We, as C/R/LVTs, are literally being shamed for making our dedication to our career legal and responsible, and putting ourselves in a position to provide our patients and DVMs with the best possible start to our career.

The fact of the matter is this.  As with all things in life, you get out of it what you put into it.  There will be amazing assistants that I would trust to care for my pet, because I know that have gone to IVECCS/AVMA/WVC/AAHA symposiums, absorbed any and all information, and most importantly....they know what they don't know.  Because those people are amazing.  I trust that if anything was to happen, they would alert the DVM or the LVT, and go from there.  I know that they would ask questions.  Provide a sounding board.  Be a great assistant.

It's the people who don't know what they don't know, the people who insist that veterinary medicine doesn't need credentialed, legally responsible Vet Techs that I am worried about.  I know many of these people, and some of them are DVMs or DVMs in training.

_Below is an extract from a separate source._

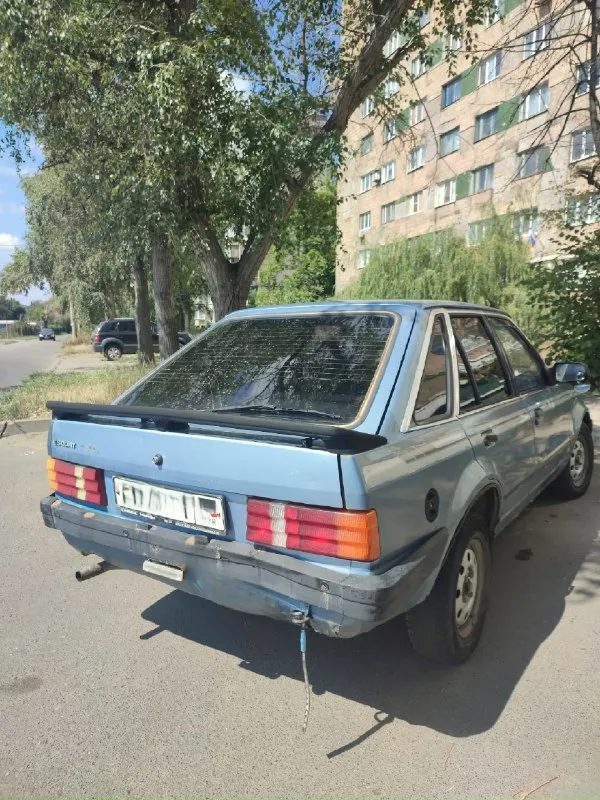 Ford escort 3 поколение хетчбэк 5-дв. 1.3 4mt 1983 на полном ходу 50 000р донецк днище хорошее, без гнили. электрика работает, свет яркий - ближний, дальний led лампы, сигнализация, 2 ключа, не гудит, не дымит, двигатель работает без проблем, передачи переключаются не выбивают, стоит газ евро 2/бензин карбюратор solex, расходники менялись, печка дует, магнитола, камера заднего вида, но камеру нужно подключить летом меняли грм, помпу, свечи, акб на новые, так же менялись ступичные подшипники, тормозные колодки и диски и заменили все прокладки из минусов вмятина на бампере сзади и заменить правый противотуманный фонарь, сломана ручка на пассажирской левой двери, но дверь открывает есть рыжики, в силу возраста учет временный днр продажа по тех паспорту цена 50 т. р донецк +7 949 847 88 89 📞 звоните: +7(949)8478889 - фотография - 5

Veterinarians rely on their LVTs to provide a checks and balances system for the clinic.  No one person, as godly as the DVMs seem to be, is perfect.  I am far from perfect, but I know that my DVMs appreciate when I discuss cases with them, and provide a different perspective.  I appreciate that my DVMs are open to discussion and teaching and having LVTs who want to learn.  I know for a fact that our patients have benefited from having multiple people on the case with educational backgrounds that cover the universal quality of care that is expected of Veterinary Medical professionals.